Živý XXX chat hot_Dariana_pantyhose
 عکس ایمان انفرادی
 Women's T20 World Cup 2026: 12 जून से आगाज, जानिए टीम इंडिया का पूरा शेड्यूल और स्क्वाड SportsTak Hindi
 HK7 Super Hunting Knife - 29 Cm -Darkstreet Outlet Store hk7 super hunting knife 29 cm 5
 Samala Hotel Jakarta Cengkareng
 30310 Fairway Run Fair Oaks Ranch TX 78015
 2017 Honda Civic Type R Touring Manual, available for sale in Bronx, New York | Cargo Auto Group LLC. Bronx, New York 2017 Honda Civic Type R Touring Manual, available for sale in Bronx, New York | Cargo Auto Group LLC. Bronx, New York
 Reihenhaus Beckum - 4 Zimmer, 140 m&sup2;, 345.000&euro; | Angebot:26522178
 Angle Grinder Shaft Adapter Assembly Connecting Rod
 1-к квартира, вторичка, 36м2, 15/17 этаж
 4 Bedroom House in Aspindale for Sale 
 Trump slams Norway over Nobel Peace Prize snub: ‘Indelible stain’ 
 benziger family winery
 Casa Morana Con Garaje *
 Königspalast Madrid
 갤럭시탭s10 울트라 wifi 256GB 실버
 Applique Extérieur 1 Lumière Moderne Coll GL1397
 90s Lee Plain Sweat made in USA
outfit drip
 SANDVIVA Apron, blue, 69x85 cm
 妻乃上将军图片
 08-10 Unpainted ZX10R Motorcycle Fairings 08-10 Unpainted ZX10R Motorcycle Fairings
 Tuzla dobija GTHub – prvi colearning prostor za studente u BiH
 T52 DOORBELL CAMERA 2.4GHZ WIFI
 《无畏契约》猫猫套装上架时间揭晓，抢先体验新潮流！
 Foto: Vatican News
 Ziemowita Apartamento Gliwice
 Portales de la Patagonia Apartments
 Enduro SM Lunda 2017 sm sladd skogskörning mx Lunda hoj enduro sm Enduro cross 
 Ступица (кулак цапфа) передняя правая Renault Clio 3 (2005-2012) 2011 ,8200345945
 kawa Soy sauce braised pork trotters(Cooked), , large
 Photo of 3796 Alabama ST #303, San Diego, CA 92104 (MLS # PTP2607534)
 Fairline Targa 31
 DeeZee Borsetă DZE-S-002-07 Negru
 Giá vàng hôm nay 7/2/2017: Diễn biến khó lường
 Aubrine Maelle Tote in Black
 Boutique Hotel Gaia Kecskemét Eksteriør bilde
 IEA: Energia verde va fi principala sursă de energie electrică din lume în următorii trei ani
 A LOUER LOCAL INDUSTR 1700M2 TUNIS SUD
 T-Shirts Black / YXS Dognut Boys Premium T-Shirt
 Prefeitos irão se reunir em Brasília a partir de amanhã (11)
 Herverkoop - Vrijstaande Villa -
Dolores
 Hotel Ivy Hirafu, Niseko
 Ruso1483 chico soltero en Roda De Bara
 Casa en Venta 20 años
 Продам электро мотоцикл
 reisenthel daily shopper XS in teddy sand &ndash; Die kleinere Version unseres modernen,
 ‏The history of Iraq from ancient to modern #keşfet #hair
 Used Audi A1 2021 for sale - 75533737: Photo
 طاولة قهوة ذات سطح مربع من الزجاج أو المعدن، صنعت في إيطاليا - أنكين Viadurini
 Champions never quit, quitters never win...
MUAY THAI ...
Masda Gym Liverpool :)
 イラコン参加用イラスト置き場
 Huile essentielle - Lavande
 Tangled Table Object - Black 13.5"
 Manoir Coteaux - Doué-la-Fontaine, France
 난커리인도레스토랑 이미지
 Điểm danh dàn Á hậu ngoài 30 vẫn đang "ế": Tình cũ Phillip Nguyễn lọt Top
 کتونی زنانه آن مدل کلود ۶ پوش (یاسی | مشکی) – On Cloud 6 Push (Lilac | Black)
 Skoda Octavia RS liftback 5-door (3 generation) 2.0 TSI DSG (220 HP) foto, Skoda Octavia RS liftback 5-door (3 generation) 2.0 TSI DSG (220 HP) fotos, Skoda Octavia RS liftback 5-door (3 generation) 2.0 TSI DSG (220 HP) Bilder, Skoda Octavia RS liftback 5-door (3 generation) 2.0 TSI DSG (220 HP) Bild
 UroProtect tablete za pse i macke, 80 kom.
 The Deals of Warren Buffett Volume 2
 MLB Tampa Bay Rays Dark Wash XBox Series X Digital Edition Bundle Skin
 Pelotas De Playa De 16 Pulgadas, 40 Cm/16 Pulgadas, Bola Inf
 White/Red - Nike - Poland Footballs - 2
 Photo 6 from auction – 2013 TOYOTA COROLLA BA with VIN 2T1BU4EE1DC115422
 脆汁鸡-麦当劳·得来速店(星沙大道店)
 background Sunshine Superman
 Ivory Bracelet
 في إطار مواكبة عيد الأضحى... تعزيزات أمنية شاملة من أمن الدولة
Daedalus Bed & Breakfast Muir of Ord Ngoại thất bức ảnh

• • • •

Problem. Give back all the records above exactly as they were written.

Expected answer.
Živý XXX chat hot_Dariana_pantyhose
 عکس ایمان انفرادی
 Women's T20 World Cup 2026: 12 जून से आगाज, जानिए टीम इंडिया का पूरा शेड्यूल और स्क्वाड SportsTak Hindi
 HK7 Super Hunting Knife - 29 Cm -Darkstreet Outlet Store hk7 super hunting knife 29 cm 5
 Samala Hotel Jakarta Cengkareng
 30310 Fairway Run Fair Oaks Ranch TX 78015
 2017 Honda Civic Type R Touring Manual, available for sale in Bronx, New York | Cargo Auto Group LLC. Bronx, New York 2017 Honda Civic Type R Touring Manual, available for sale in Bronx, New York | Cargo Auto Group LLC. Bronx, New York
 Reihenhaus Beckum - 4 Zimmer, 140 m&sup2;, 345.000&euro; | Angebot:26522178
 Angle Grinder Shaft Adapter Assembly Connecting Rod
 1-к квартира, вторичка, 36м2, 15/17 этаж
 4 Bedroom House in Aspindale for Sale 
 Trump slams Norway over Nobel Peace Prize snub: ‘Indelible stain’ 
 benziger family winery
 Casa Morana Con Garaje *
 Königspalast Madrid
 갤럭시탭s10 울트라 wifi 256GB 실버
 Applique Extérieur 1 Lumière Moderne Coll GL1397
 90s Lee Plain Sweat made in USA
outfit drip
 SANDVIVA Apron, blue, 69x85 cm
 妻乃上将军图片
 08-10 Unpainted ZX10R Motorcycle Fairings 08-10 Unpainted ZX10R Motorcycle Fairings
 Tuzla dobija GTHub – prvi colearning prostor za studente u BiH
 T52 DOORBELL CAMERA 2.4GHZ WIFI
 《无畏契约》猫猫套装上架时间揭晓，抢先体验新潮流！
 Foto: Vatican News
 Ziemowita Apartamento Gliwice
 Portales de la Patagonia Apartments
 Enduro SM Lunda 2017 sm sladd skogskörning mx Lunda hoj enduro sm Enduro cross 
 Ступица (кулак цапфа) передняя правая Renault Clio 3 (2005-2012) 2011 ,8200345945
 kawa Soy sauce braised pork trotters(Cooked), , large
 Photo of 3796 Alabama ST #303, San Diego, CA 92104 (MLS # PTP2607534)
 Fairline Targa 31
 DeeZee Borsetă DZE-S-002-07 Negru
 Giá vàng hôm nay 7/2/2017: Diễn biến khó lường
 Aubrine Maelle Tote in Black
 Boutique Hotel Gaia Kecskemét Eksteriør bilde
 IEA: Energia verde va fi principala sursă de energie electrică din lume în următorii trei ani
 A LOUER LOCAL INDUSTR 1700M2 TUNIS SUD
 T-Shirts Black / YXS Dognut Boys Premium T-Shirt
 Prefeitos irão se reunir em Brasília a partir de amanhã (11)
 Herverkoop - Vrijstaande Villa -
Dolores
 Hotel Ivy Hirafu, Niseko
 Ruso1483 chico soltero en Roda De Bara
 Casa en Venta 20 años
 Продам электро мотоцикл
 reisenthel daily shopper XS in teddy sand &ndash; Die kleinere Version unseres modernen,
 ‏The history of Iraq from ancient to modern #keşfet #hair
 Used Audi A1 2021 for sale - 75533737: Photo
 طاولة قهوة ذات سطح مربع من الزجاج أو المعدن، صنعت في إيطاليا - أنكين Viadurini
 Champions never quit, quitters never win...
MUAY THAI ...
Masda Gym Liverpool :)
 イラコン参加用イラスト置き場
 Huile essentielle - Lavande
 Tangled Table Object - Black 13.5"
 Manoir Coteaux - Doué-la-Fontaine, France
 난커리인도레스토랑 이미지
 Điểm danh dàn Á hậu ngoài 30 vẫn đang "ế": Tình cũ Phillip Nguyễn lọt Top
 کتونی زنانه آن مدل کلود ۶ پوش (یاسی | مشکی) – On Cloud 6 Push (Lilac | Black)
 Skoda Octavia RS liftback 5-door (3 generation) 2.0 TSI DSG (220 HP) foto, Skoda Octavia RS liftback 5-door (3 generation) 2.0 TSI DSG (220 HP) fotos, Skoda Octavia RS liftback 5-door (3 generation) 2.0 TSI DSG (220 HP) Bilder, Skoda Octavia RS liftback 5-door (3 generation) 2.0 TSI DSG (220 HP) Bild
 UroProtect tablete za pse i macke, 80 kom.
 The Deals of Warren Buffett Volume 2
 MLB Tampa Bay Rays Dark Wash XBox Series X Digital Edition Bundle Skin
 Pelotas De Playa De 16 Pulgadas, 40 Cm/16 Pulgadas, Bola Inf
 White/Red - Nike - Poland Footballs - 2
 Photo 6 from auction – 2013 TOYOTA COROLLA BA with VIN 2T1BU4EE1DC115422
 脆汁鸡-麦当劳·得来速店(星沙大道店)
 background Sunshine Superman
 Ivory Bracelet
 في إطار مواكبة عيد الأضحى... تعزيزات أمنية شاملة من أمن الدولة
Daedalus Bed & Breakfast Muir of Ord Ngoại thất bức ảnh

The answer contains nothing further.